How Difficult Should an Online Education Test Be?

Clearinghouse on Assessment and Evaluation

ERIC/AE Digest Series EDO-TM-95-6, October 1995

How Difficult Should a Test Be?

Robert B. Frary
Virginia Polytechnic Institute and State University

Traditional grading practices used by many teachers at nearly all levels of education seem geared to a belief that test scores of around 70% or better represent a "passable" level of achievement. Sometimes circumstances seem to indicate the advisability of a lower level, but typically such a level is adopted only with misgivings. Reflecting these misgivings, the instructor would usually prefer that the situation not arise again and that knowledge of the fact that the grades were "curved" be restricted as much as possible.

What is wrong with 70% as a passing score?

The thinking that leads to the idea of a passing score in the neighborhood of 70% may have its roots in elementary education. For example, consider a spelling test. The teacher selects more or less randomly from a list of words the students have been assigned. Then a score of 70% is probably a fairly accurate estimate of the percentage of the words on the list that the student can spell. Similar arguments can be made for arithmetic computation tests when problems of a specific type have been formulated in some random manner.

However, this approach to testing frequently breaks down, even at the elementary school level. Consider a test in history. How does one define the universe of all questions that might appear on a history test? Moreover, even if such a list were available, random selection from it would probably not yield a test with satisfactory content from the standpoint of what the teacher wanted to emphasize. There are test construction methods available for dealing with these problems, but the average teacher simply sits down and, consulting a list of course objectives, the course or unit outline, etcetera, writes enough test questions to fill the allotted time.

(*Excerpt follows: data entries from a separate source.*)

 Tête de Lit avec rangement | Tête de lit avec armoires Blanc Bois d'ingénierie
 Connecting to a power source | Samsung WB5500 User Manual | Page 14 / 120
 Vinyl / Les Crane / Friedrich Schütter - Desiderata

Under these circumstances, there is certainly no assurance that students who should get passing grades will be able to answer 70% or more correctly. The test may be somewhat harder or easier than the instructor intended.

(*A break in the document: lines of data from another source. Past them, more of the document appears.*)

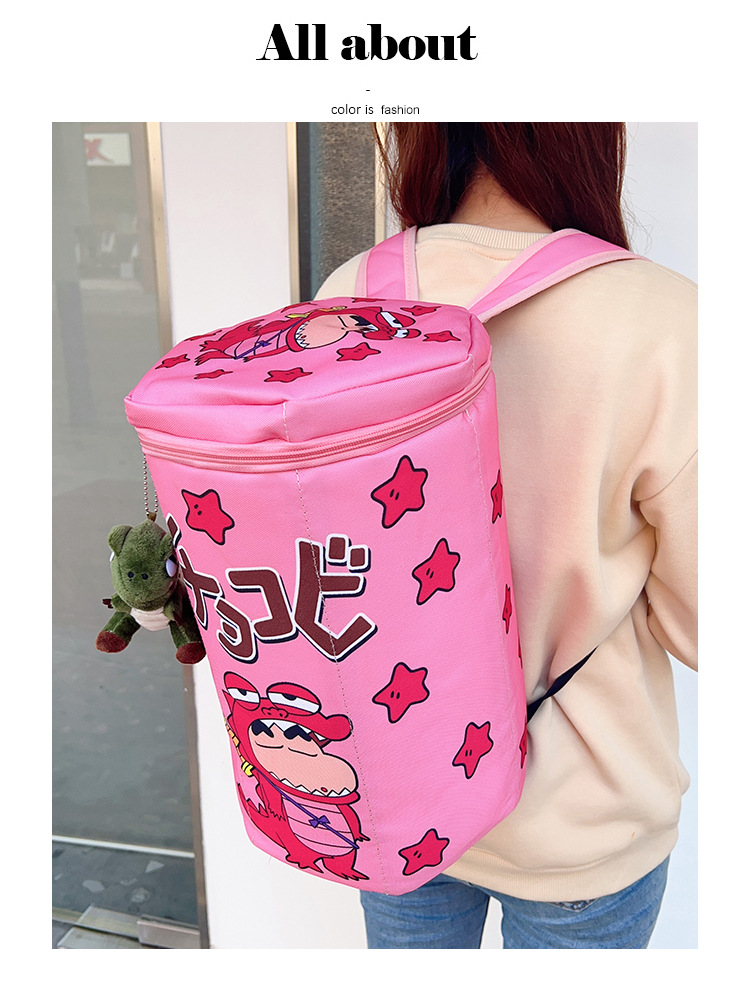 New cute schoolbag, Crayon Shin-chan, Little Crocodile box, large-capacity three-dimensional bucket bag, backpack, racket bag, trendy back pic 16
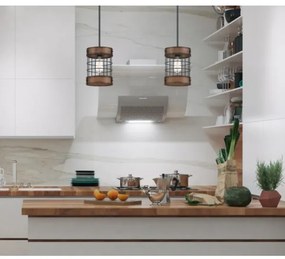 Lustră pe cablu Westinghouse 61179 LANGSTON 1xE27/60W/230V lemn recuperat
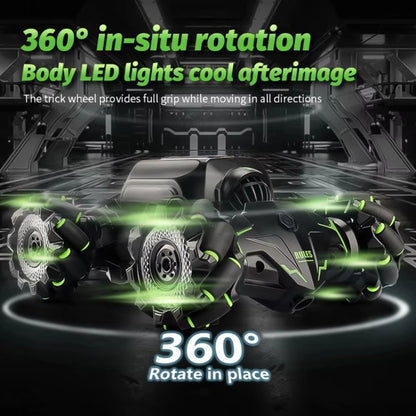 Children RC Car Toy Lights Electric Gesture Sensor Remote Control Twisting Stunt Car, Orange Dual RC, Green Dual RC, Orange Single RC, Green Single RC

Eventually, with experience, most instructors learn to write tests that are about as difficult as they intend, and for many this outcome means that students who are of marginal ability and who put forth reasonable effort score about 70% or perhaps as low as 60%. Because this level is essentially arbitrary, it is reasonable to question whether it is desirable. In fact, we will argue that a 70% passing level is much too high for a large majority of high school or college-level classroom tests.

There are exceptions, of course. In what follows, we will not be discussing essay examinations or tests designed to measure degree of achievement in a restricted and highly defined subarea of a course (criterion referenced tests).

What we are concerned about are tests covering fairly diverse topics on which scores are determined by adding up points for each right answer. Almost any multiple-choice midterm or final examination would be in this category as would most short-answer and problem-solving tests.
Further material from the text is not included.